> **RECORDED DATA**

BEGIN

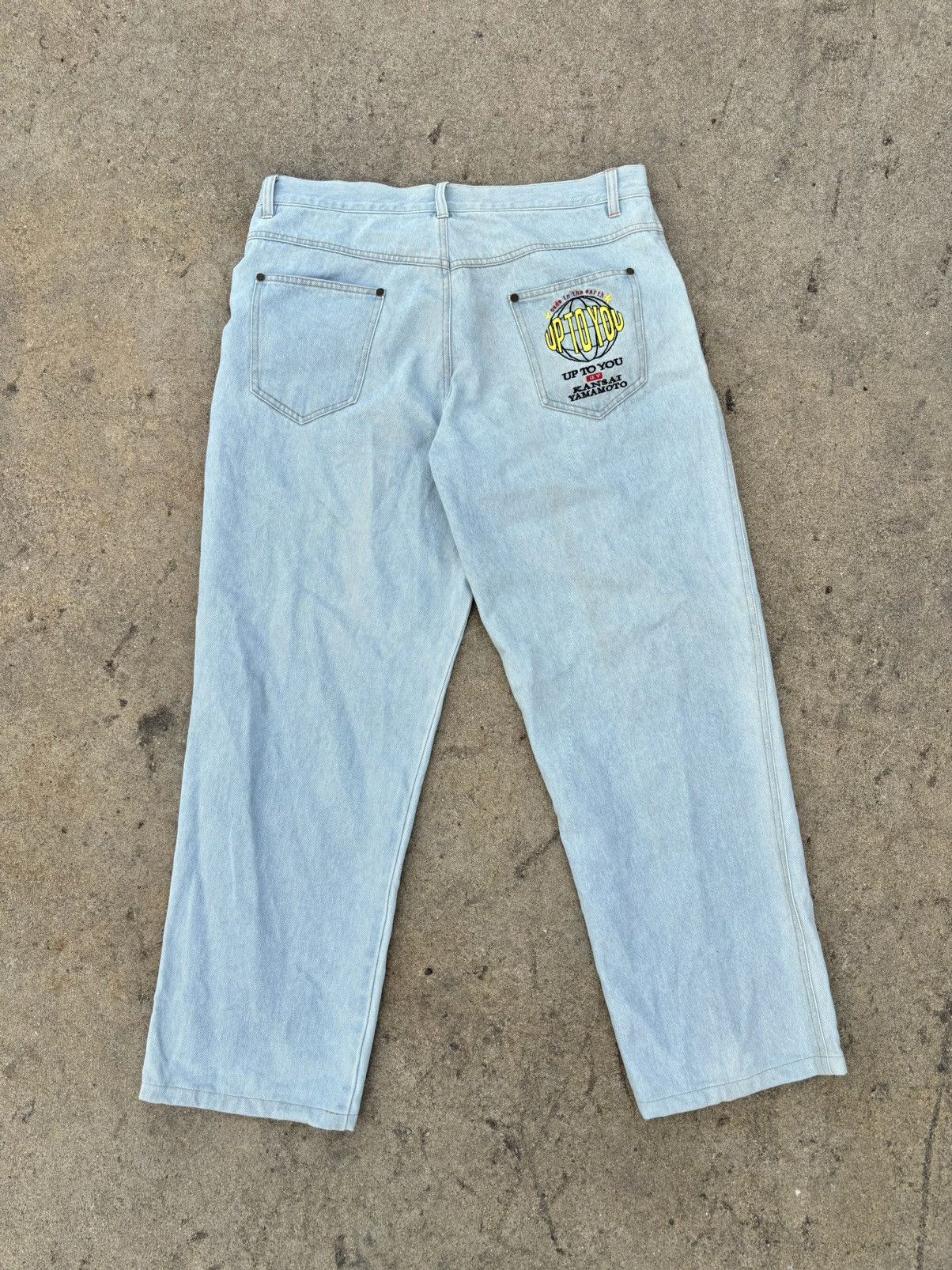 Kansai Yamamoto Rare Kansai Yamamoto Light Blue Jeans Size US 35 - 1 Thumbnail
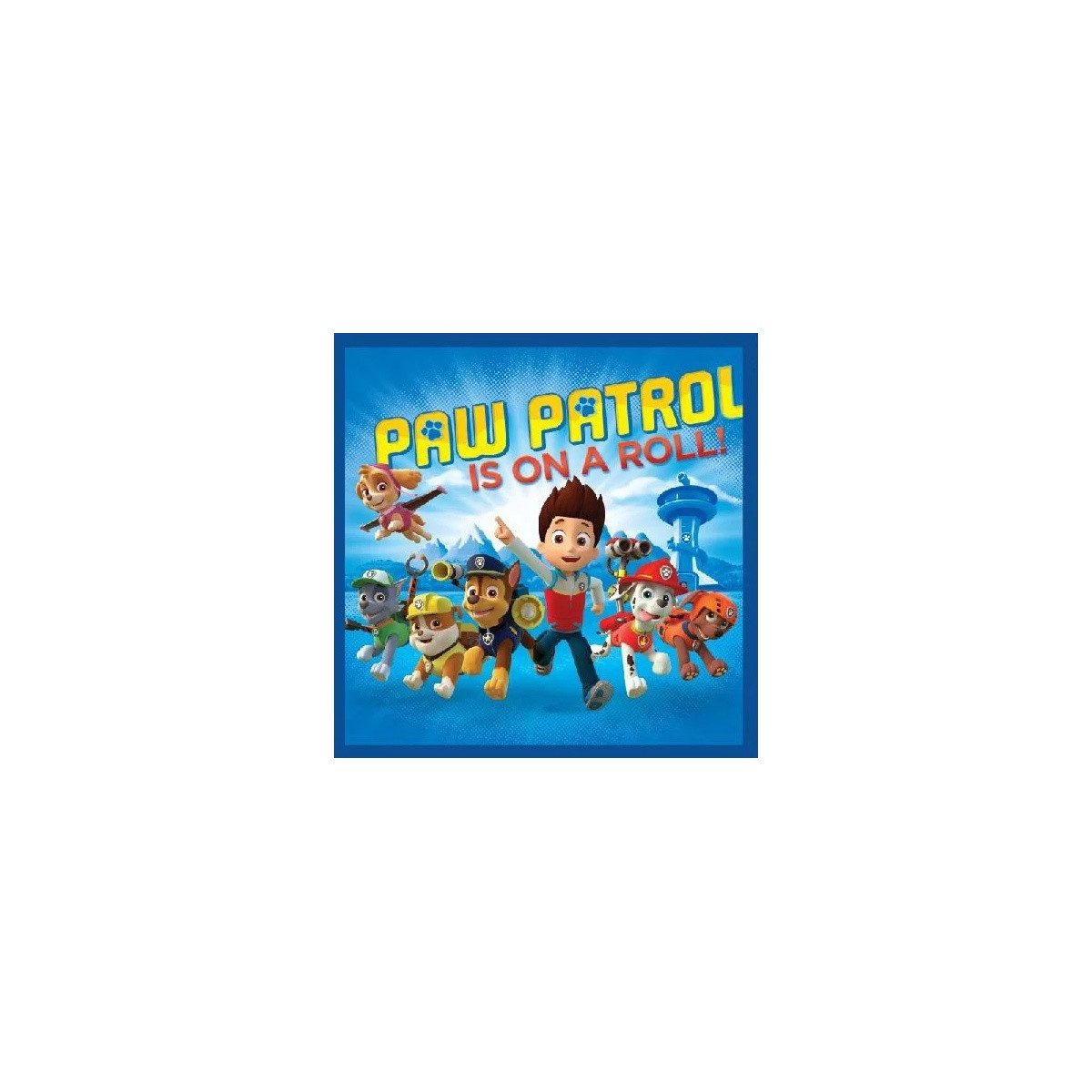 PAW PATROL Badetücher Paw Patrol Magisches Handtuch Gesichtstuch, Handtuch 30x30cm, Baumwolle (1-St)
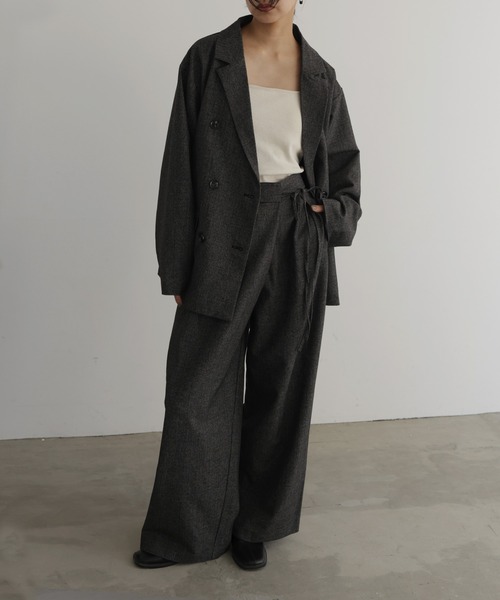 hellam(へラム)の「チェックテーラードジャケット(テーラードジャケット・レディース・ブラック/ブラウン/ベージュ・FREE)」の10枚目の写真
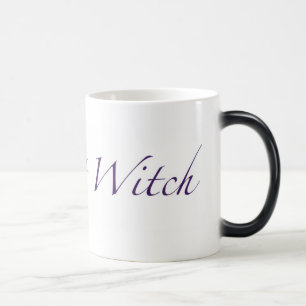 Mug Magique "Je suis cette sorcière" enrouler autour d'une tas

END

> **PROBLEM DETAILS**
Only the lines between the one containing "PAW PATROL Badetücher" and the last line of the listing above, both included, should be written out, exactly and without pictures.

> **ANSWER FOR THE TASK**
 PAW PATROL Badetücher Paw Patrol Magisches Handtuch Gesichtstuch, Handtuch 30x30cm, Baumwolle (1-St)
 hellam(へラム)の「チェックテーラードジャケット(テーラードジャケット・レディース・ブラック/ブラウン/ベージュ・FREE)」の10枚目の写真
 Mug Magique "Je suis cette sorcière" enrouler autour d'une tas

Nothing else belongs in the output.